Marie Sophie naît après l’éruption de la Montagne Pelée, qui rase la ville de Saint Pierre. La famille migre à Fort de France, et c’est le temps du bois caisse. Après bien des aventures souvent tragiques notre héroïne, après la rencontre avec le guérisseur Papa Totone, choisit de vivre au pied des réservoirs de Texaco : la zone est libre mais les autorités mènent une guerre sans merci aux familles qui s’y établissent. C’est le temps du fibrociment qui couvre les cases, démolies par la police et reconstruites sans cesse.

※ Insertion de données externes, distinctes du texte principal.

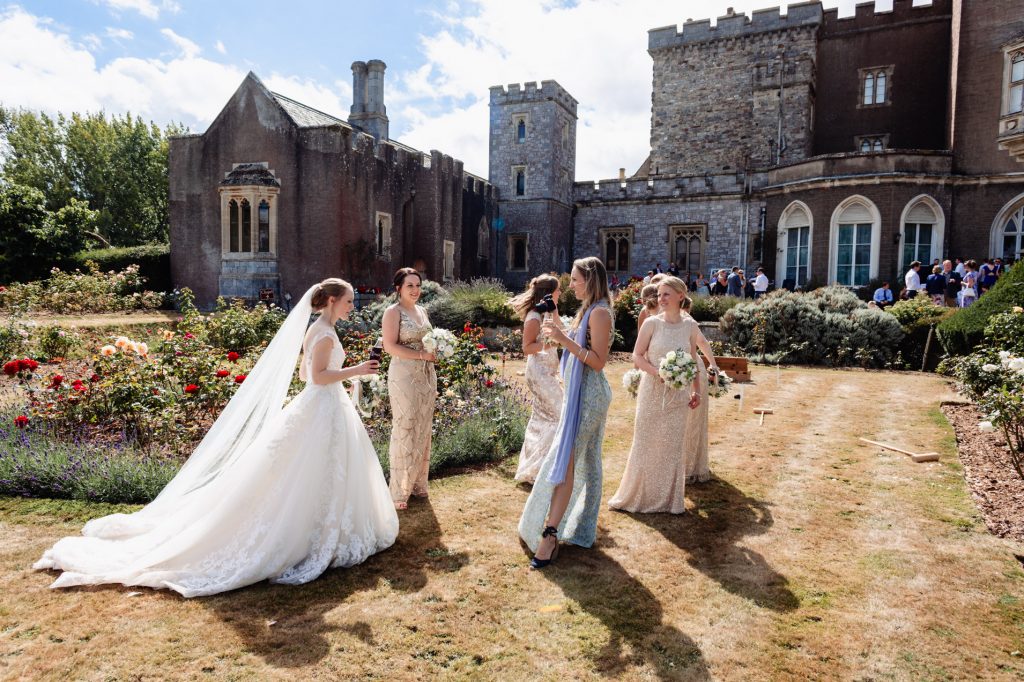 bride and bridesmaids in the garden at powderham castle
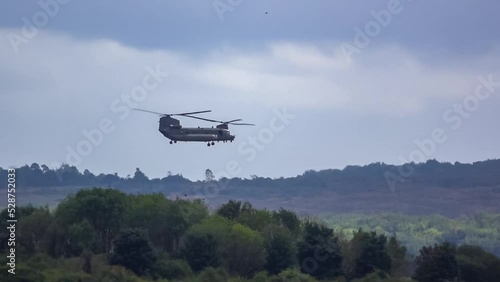 RAF Chinook tandem-rotor CH-47 helicopter flying fast and low in a cloudy blue grey sky on a military battle exercise, Wilts UK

La lutte finit par être appuyée par le maire, Aimé Césaire : « De voir ce petit-nègre, si haut, si puissant, avec tant de savoirs, tant de paroles, nous renvoyait une image enthousiasmante de nous-mêmes ». Le temps béton va pouvoir commencer.
Le roman est riche de thématiques diverses liées à l’histoire de la Martinique. Mais surtout, quelle langue ! Marie-Sophie est séduite par la langue française du maître d’école : « Parler français était une succulence qu’il pratiquait dans une messe de mouvements. Il semblait un berger menant sans cesse un troupeau de vocables ». A notre tour nous profitons à chaque page de ce français imagé, tellement enrichi par les tournures locales. Ainsi lorsqu’ Esternome le charpentier fait la cour à Ninon : « Il lui bredouillait des bêtises qui s’accordaient bien aux éveils de sa chair. Il suffoquait. Elle plus lente, prenait une chair de poule, se noyait dans l’huile fine surgie du pli profond. C’est ça la vie, miaulait mon Esternome, y’a que ça et rien d’autre, vivre les pluies de son sang. Mais la douce, bien qu’à son plaisir, conservait dans sa tête une ramure de soucis que la longue égoïne de l’amoureux vicieux ne parvenait jamais à scier pour de bon. Mais il persévérait ».